Le criblage du marché variétal par la norme DHS était en revanche beaucoup moins naturel pour les espèces cultivées à fécondation croisée, comme le seigle, le maïs, la betterave, la plupart des légumineuses et des graminées fourragères, ou les crucifères (choux, radis, colzas, etc.). Le projet des phytogénéticiens d’imposer l’homogénéité se heurtait ici à des contraintes biologiques et sociales fortes : les bonnes performances des variétés populations – mélanges de plantes toujours hétérozygotes et génétiquement différentes les unes des autres – par rapport à des lignées pures difficiles à obtenir, impliquait une configuration des filières assez différentes du cas du blé : faible pénétration des obtenteurs sur le marché des semences et réticences paysannes à abandonner les variétés de pays. Dans le cas des plantes fourragères, tout en martelant que « notre production ne satisfera vraiment les besoins français et ne

prendra une place stable sur les marchés internationaux qu’à la condition de porter sur des types bien définis, choisis parmi ceux qui peuvent donner les rendements les plus élevés chez les différents types d’utilisateurs », Bustarret reconnaissait que : « pour un grand nombre d’espèces, notre pays dispose de types locaux façonnés par la sélection naturelle, dont certains donnent, en France et hors de France, d’excellents résultats (luzerne flamande,

ray-grass de Mayenne, fromental de GAP, etc.) » (Bustarret J., 1948, 611). Le dogme de la lignée pure et de l’homogénéité sur le marché des semences se heurtait pour les plantes allogames au fait que la plupart de ces espèces était restées rétives aux efforts de sélection généalogique des sélectionneurs du fait d’un effet de dépression consanguine très fort. Bustarret note ainsi avec regret que l’on « pourrait songer à

orienter la sélection des plantes allogames vers une homogénéité génétique beaucoup plus grande en utilisant la possibilité qui existe le plus souvent, de pratiquer artificiellement des autofécondations successives. Mais on rencontre alors une difficulté la plupart du temps insurmontable : plus on approche de l’homogénéité plus la vigueur, la fertilité et la productivité diminuent » (Bustarret J., 1961a, 203). Ces variétés ne peuvent par

conséquent répondre strictement aux normes d’identité, d’homogénéité et de stabilité. Une première solution retenue va être de tolérer des fourchettes de variations au-delà desquelles l’identité d’une variété ne pouvant plus être reconnue juridiquement, elle ne peut être inscrite au catalogue. Cette politique réclame que l’hétérogénéité des variétés populations déposées pour inscription soit limitée : « pour qu’une telle

popu-lation puisse être admise comme variété, il faut que ses constituants aient en commun un certain fond génétique, la variation étant limitée à un nombre relativement faible de gènes ». Jean Bustarret concède que « cette notion de limite des variations admissibles reste nécessairement assez subjective. » (Bustarret J., 1961a, 203).

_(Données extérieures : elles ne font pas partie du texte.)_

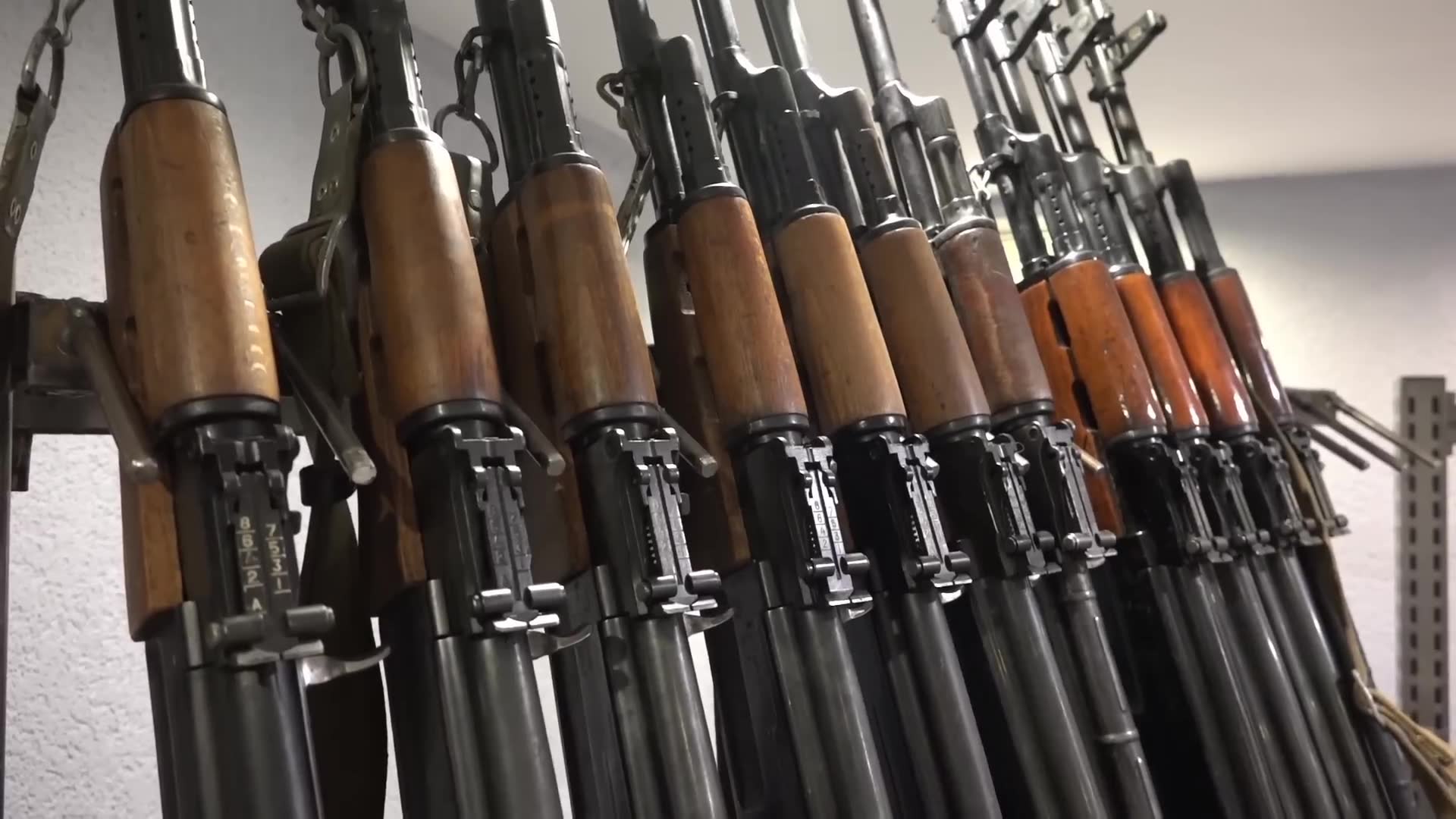Proper long gun positioning for different tactical scenarios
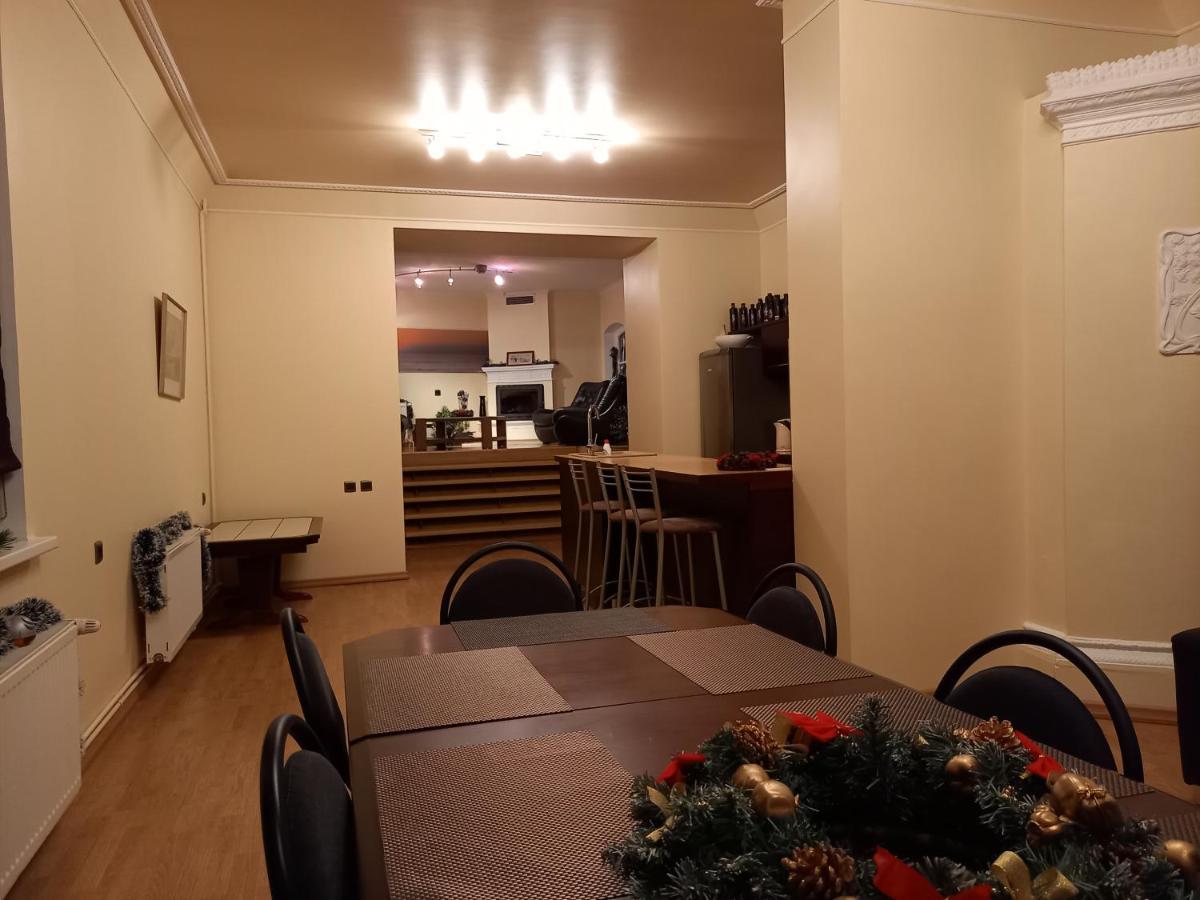 Villa Figaro à Ventspils Extérieur photo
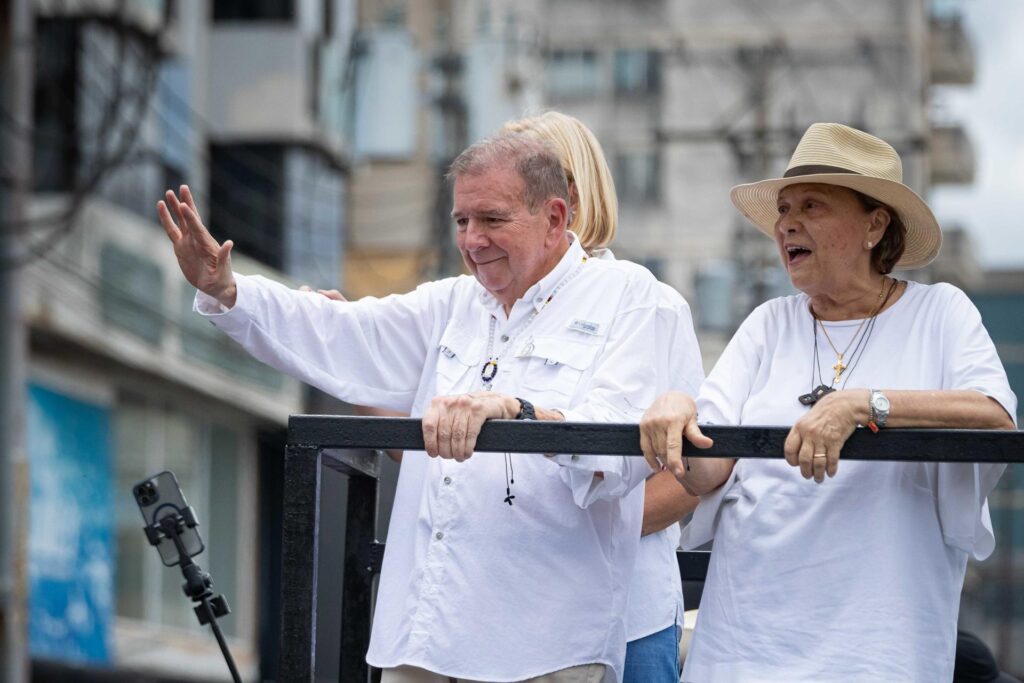 El pueblo quiere un cambio en paz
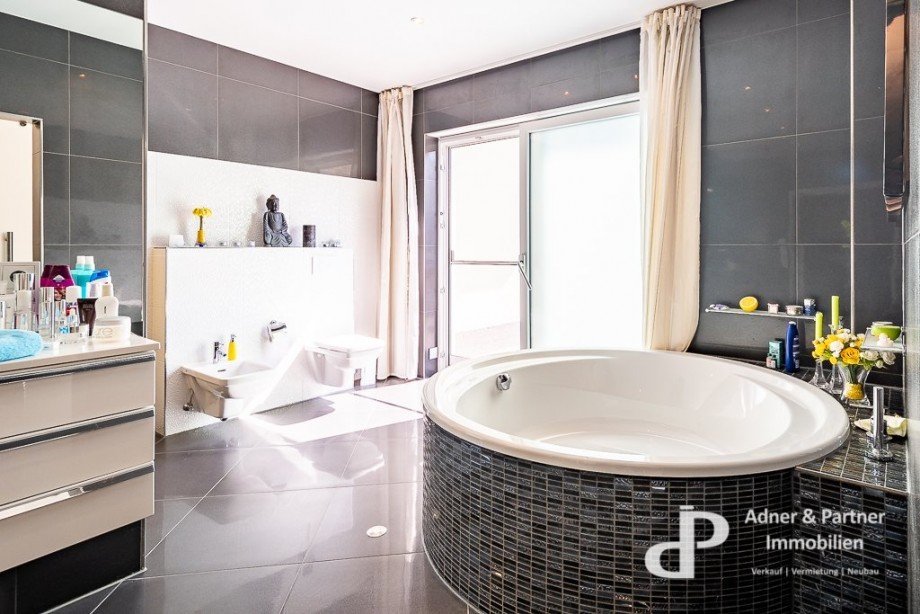 Bad en Suite zur Terrasse Bungalow Wolfenb�ttel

Une deuxième solution s’avérera applicable aux espèces où les obtenteurs ont réussi à mettre au point la voie de sélection « hybrides F1 », par croisement de deux (à 4) lignées pures, dans des conditions de coût acceptables (maïs puis tournesol, carotte, etc.). On verra que cette voie s’impose pour le maïs dans les années 1930 aux USA. Elle apporte une solution au problème de la dépression des lignées (vigueur

hybride restaurée par le croisement final) tout en apportant la même homogénéité que les lignées pures (idéal industriel), et en fournissant une meilleure protection de l’innovation que ces dernières (la semence – F2 – de ferme issue d’une variété F1 ne donne plus d’aussi bons résultats car elle comporte une moitié de génotypes homo-zygotes chétifs). Si le catalogue maïs recense initialement des variétés populations, les hybrides américains sont candidats à l’inscription en vertu du décret de 1949 et on en compte déjà 9 pour 14 variétés de pays dans le catalogue maïs de 1951. Les critères DHS vont à la fois porter sur le matériel hybride et sur les lignées parentales (cf. infra chap. 4).